Sozialpolitisch gemünzte und wissenschaftliche Einteilungsversuche sind fragwürdig geworden. Von sozialen »Klassen«, selbst von sozialen »Schichten«, wird kaum noch geredet. Trotzdem sind bei den Lebenslagen Erwachsener erhebliche soziale Differenzen festzustellen. Manche sprechen von einer Zwei-Drittel-Gesellschaft und meinen damit, dass ein Drittel unserer Gesellschaft von der gesellschaftlichen Entwicklung abgekoppelt ist. Obwohl sich stabile Milieus kaum noch feststellen lassen, liegen zwischen den Lebenslagen von Arbeitsplatzbesitzern und Arbeitslosen, von Migranten und Einheimischen, von Managern und Obdachlosen Welten. Diese großen Differenzen werden zudem von den »feinen Unterschieden individueller Habitus-Bildung« (P. Bourdieu) überlagert.
Eine Unterteilung des Erwachsenenlebens nach »Lebensphasen« behält zwar ebenfalls ihren Sinn, zumindest aufgrund des nicht aufzuhaltenden, irreversiblen Älterwerdens; aber sonst verflüssigen sich die Phasen. Zu rechnen ist mit gewissen lebenslauftypischen »Krisen«, mit kritischen »Passagen« oder »Übergängen«, zumindest mit »kritischen Lebensereignissen«. Schwere Erkrankung, der Tod des Lebenspartners oder der Tod des Kindes wie auch andere Verlusterfahrungen erschüttern die Betroffenen meist sehr und können den Lebenslauf tiefgreifend verändern. Dennoch werden sie stets individuell erlebt. Ebenso sind die klassischen Annahmen von einem relativ fest diagnostizierbaren Ablauf von »Entwicklungsstadien« aufgrund von »Entwicklungsaufgaben«, auch in religiöser Hinsicht – hier etwa im Blick auf eine »Glaubensentwicklung« in »Stufen« –, auf der einen Seite hilfreiche Ansätze, um auf typische religiöse Lebenslagen aufmerksam zu werden und prinzipiell zu begreifen, dass Kinder anders glauben und selbst Erwachsene sich noch religiös entwickeln. Gleichzeitig bleibt auf der anderen Seite jede individuelle Situation und jede persönliche Glaubensgeschichte unvergleichbar. Darum seien Lebenslagen von Erwachsenen heute im Folgenden nach zwei Seiten hin nur exemplarisch angedeutet.

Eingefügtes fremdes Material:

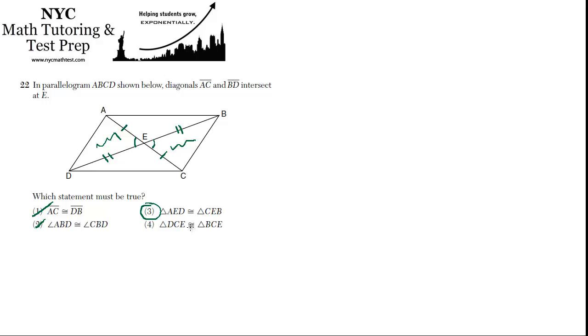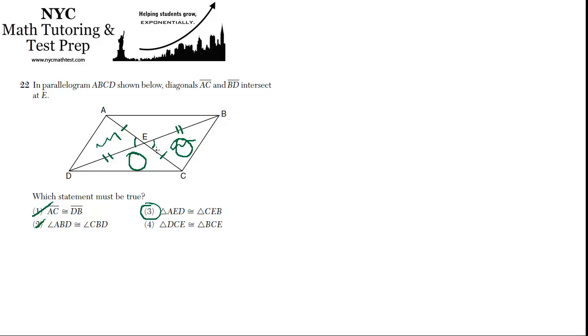How about triangle DCE congruent to BCE? No, that wouldn't make sense, and you can even see just by looking at them, they don't look like they're going to be congruent. And this is a legitimate parallelogram, even if it's not to scale, so not necessarily true.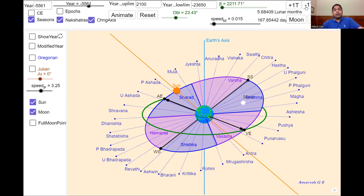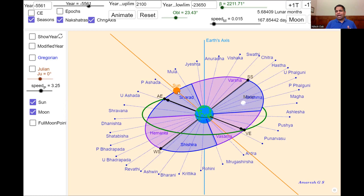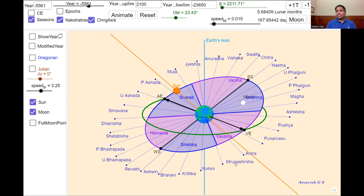From tradition and Mahabharata text evidence, we have sufficient evidence to say that the lunar month at that time was Marga Shirsha. In order for the first part of the Sharad season and the lunar month of Marga Shirsha to coincide — meaning Mrgashirsha nakshatra must be opposite the sun's position — you need to go back to the 6th millennium BC, specifically around 5561 BC. That is when the first part of Sharad season coincided with the lunar month of Marga Shirsha.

2. Die neuere Biographieforschung macht auf die biographischen Erfahrungen von Frauen aufmerksam. Seit längerer Zeit weisen besonders junge Frauen eine erkennbar höhere Bereitschaft auf, neue Lebenswege zu beschreiten und sich mit großem Einsatz eine Basis für eine selbständige Lebensführung einschließlich Berufstätigkeit zu erarbeiten. Mit der männlichen Seite eint sie die Vorstellung, dass sich Familie und berufliches Engagement verbinden lassen. Diese Sichtweise ändert sich allerdings bei den etwa 22-24-jährigen Frauen: die Balance zwischen Familien- und Berufsleben verlagert sich zugunsten von Familie und Partnerschaft. Wegen des geschlechtsspezifisch geteilten Arbeitsmarktes und höherer Zugangsbarrieren erfahren sie eine stärkere Verunsicherung, ob sie ihre Lebens- und Berufspläne verwirklichen können. Zudem zeigen die Befunde, dass die Ehe- und Lebenspartner zwar mehrheitlich und voller guter Absichten Bereitschaft zeigen, eine partnerschaftlich geteilte Verantwortung für Haushalt und Familienarbeit zu praktizieren, dies aber schon bald – aufgrund der beruflichen Anforderungen und spätestens bei Geburt eines ersten Kindes – wenig realisiert wird. Wenn junge Frauen dann ihre ehemals verfolgten Lebensvorstellungen nicht ganz aufgeben, nehmen sie in der Regel eine Doppelbelastung in Familie und Beruf in Kauf, die – je nach Art und Verantwortungsgrad der beruflichen (Teilzeit-)Tätigkeit – ihnen nicht nur enorme Kraft und Selbstvertrauen abverlangen, sondern auch phantasievolle Gestaltungsfähigkeit jenseits traditioneller Muster von Lebensführungen.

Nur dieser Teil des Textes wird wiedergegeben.